Bu yazımızda çeşitli alanlarda büyük ilgi kazanan Münchausen sendromu konusuna değineceğiz. Münchausen sendromu, uzmanların ve kamuoyunun ilgisini çeken, etkileri ve sonuçları hakkında tartışmalara yol açan bir konudur. Yıllar geçtikçe Münchausen sendromu gelişiyor ve derinlemesine analiz gerektiren yeni özellikler kazanıyor. Bu nedenle, Münchausen sendromu ile ilgili tüm yönleri iyice anlamak büyük önem taşıyor ve bu makalede onun anlamını, toplum üzerindeki etkisini ve onu etkili bir şekilde ele almak için olası alternatifleri inceleyeceğiz.
Münchausen sendromu, kişinin çevresinden ve sağlık görevlilerinden ilgi görebilmek için kendini sürekli hasta etmesi veya bunun için uğraşması durumudur.

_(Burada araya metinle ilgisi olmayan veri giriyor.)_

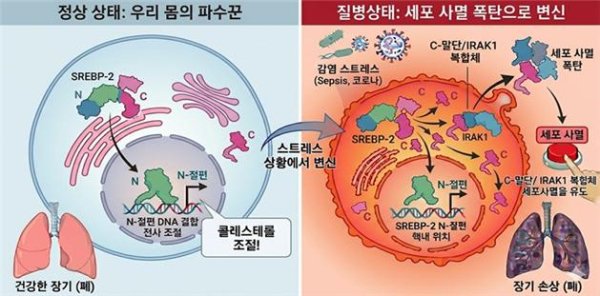 스트레스 상황에서 SREBP-2 단백질의 기능 변화와 세포 사멸 유도 기전 모식도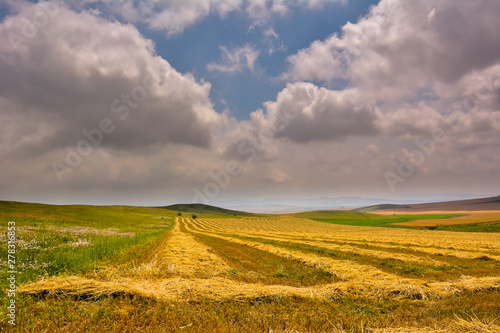 landscape with blooming fields in summer  Dobrogea  Romania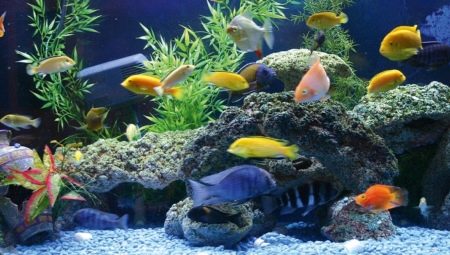 Преглед популарних великих акваријумских риба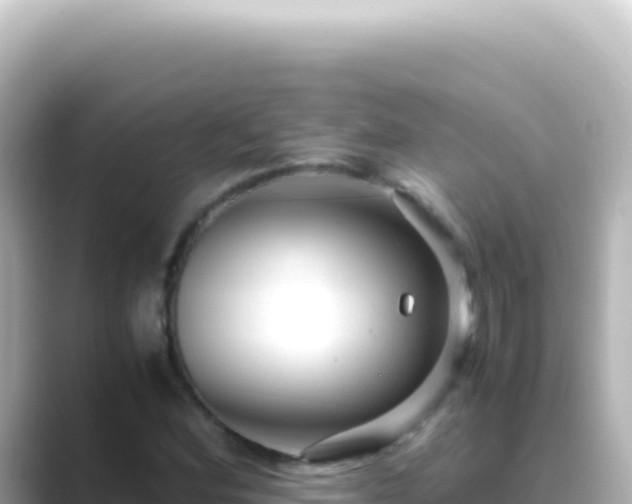 X0000089451164200706221242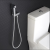 douchette wc 1.PNG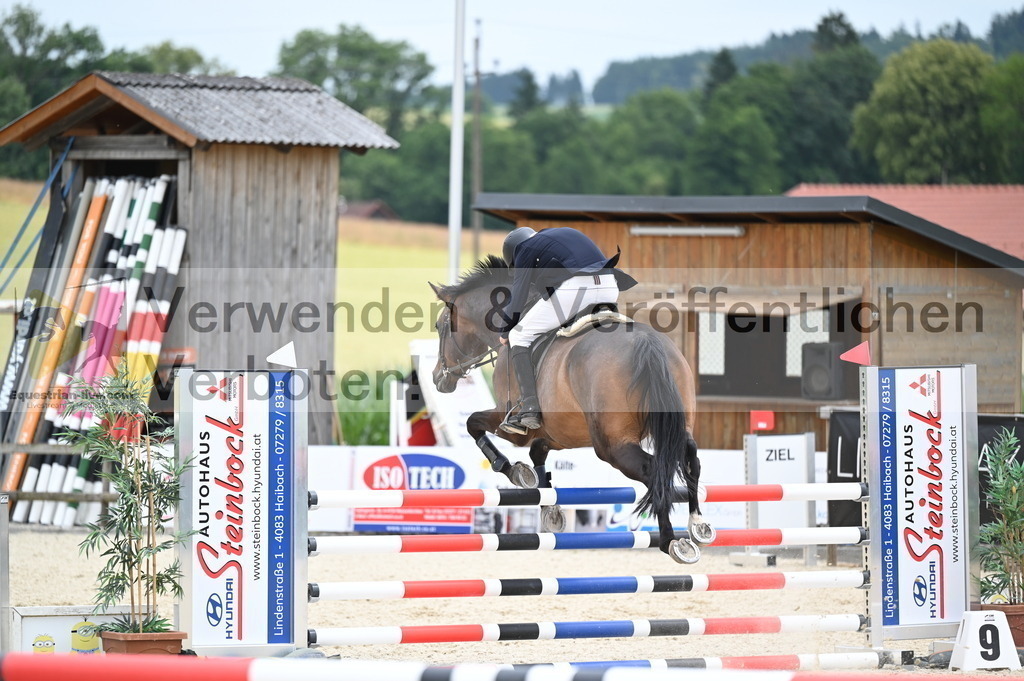 DSC_4552 | equestrian-live-com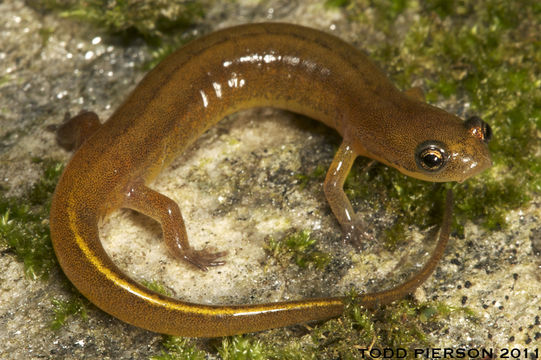 Image of Patch-nosed Salamander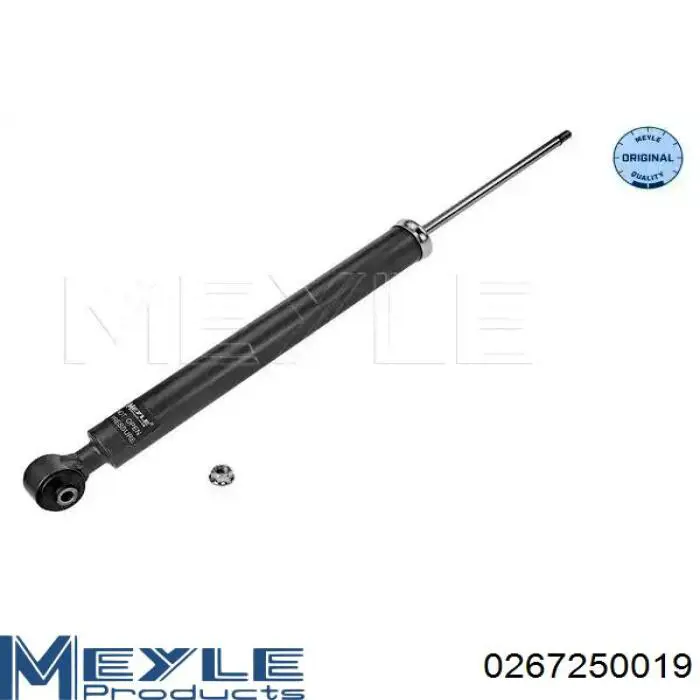 Amortyzator tylny Raiso RS317266 cena, od 36,55 USD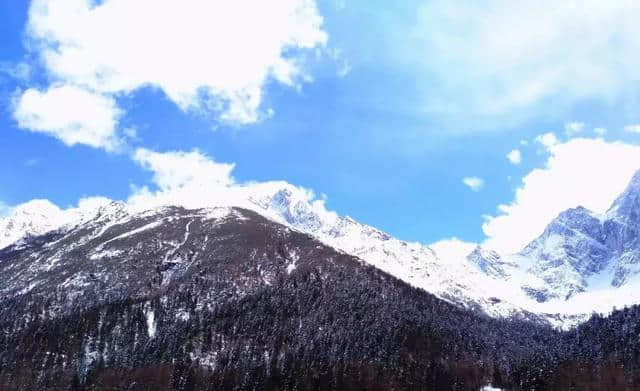 三月踏春，毕棚沟解锁更多景点，在漫天春雪中看山花烂漫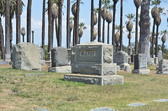 Enlarge photo 43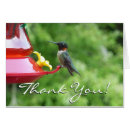 Pesquisar por galinha fotografia Qualquer pessoa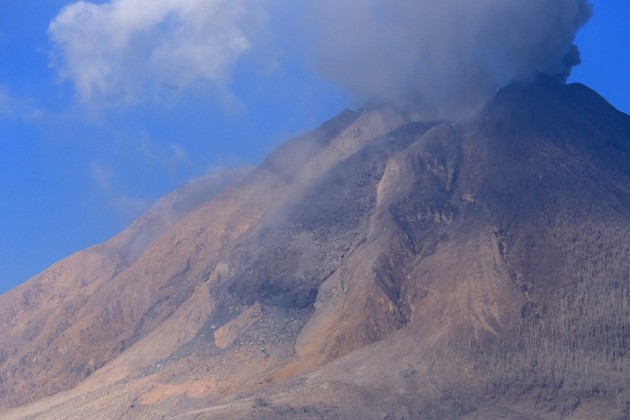 Fig. 1. Easterly view of erupting Sinabung volcano on 25 January 2014 (S. Nakada).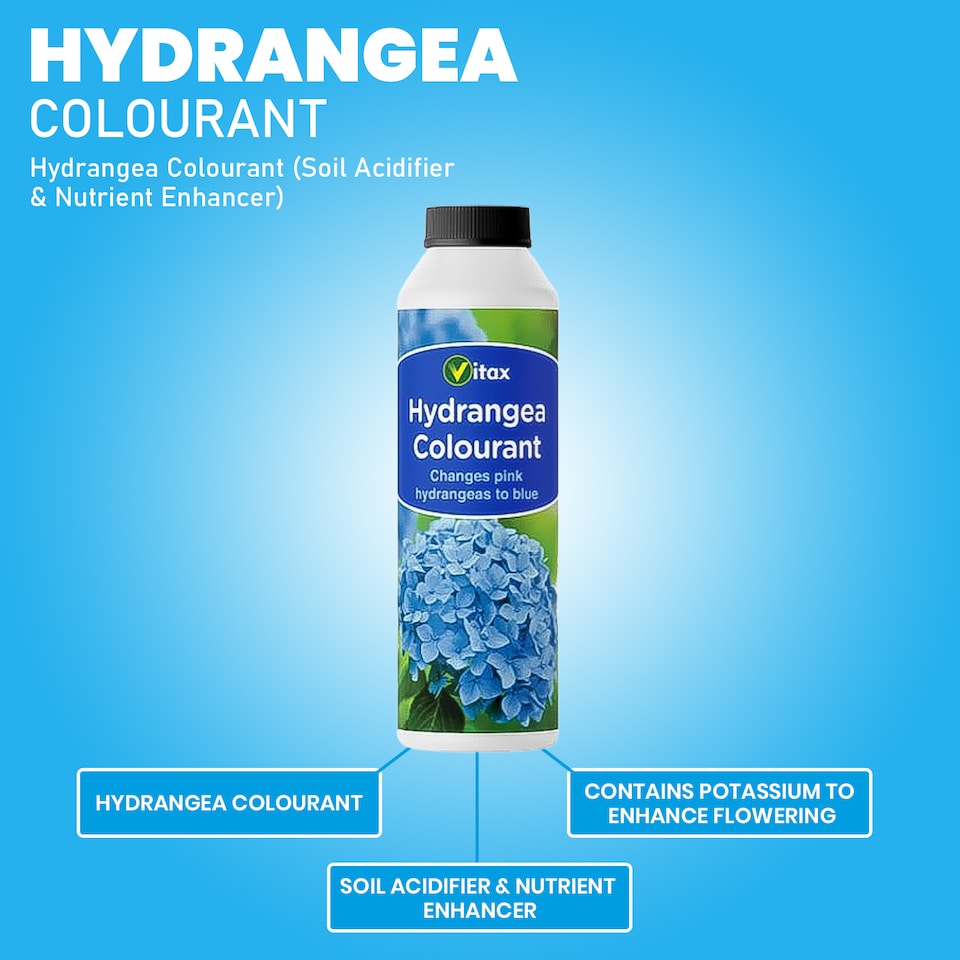 image 1 of Vitax Hydrangea Colourant 250g Pack of 2 Turns Pink Flowers Blue & Mauve Enhances Blooms and Plant Health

Psikolojik bir rahatsızlık olan Münchausen sendromu adını, Alman yazar Rudolf Erich Raspe'nin 1785 yılında yayınladığı Baron Münchausen'in Rusya'daki Muhteşem Seyahatleri ve Mücadelelerinin anlatıldığı kitabında yarattığı kurgusal bir Alman asilzadesi olan Baron Münchausen'den almıştır. Katıldığı 1735-1739 Osmanlı-Rus-Avusturya Savaşı'nda yaşadıklarını çevresine abartılı bir şekilde anlatan Münchausen, kendini yaşananların merkezine koyan tavrıyla kısa sürede tüm hikâyelerinin yayılmasını sağladı. Bir süre sonra yalan olduğu anlaşılan bu hikâyeler, Karl von Münchausen'i daha da ünlü yaptı ve kendi adıyla anılacak bir sendromun literatüre girmesine yol açtı.
Sendromun isim babası Richard Alan John Asher'dir. Asher, 1951 yılında hastane hastane dolaşıp gereksiz yere tedavi almak isteyen bir grubu tanımlamak için bu ismi kullanmıştır.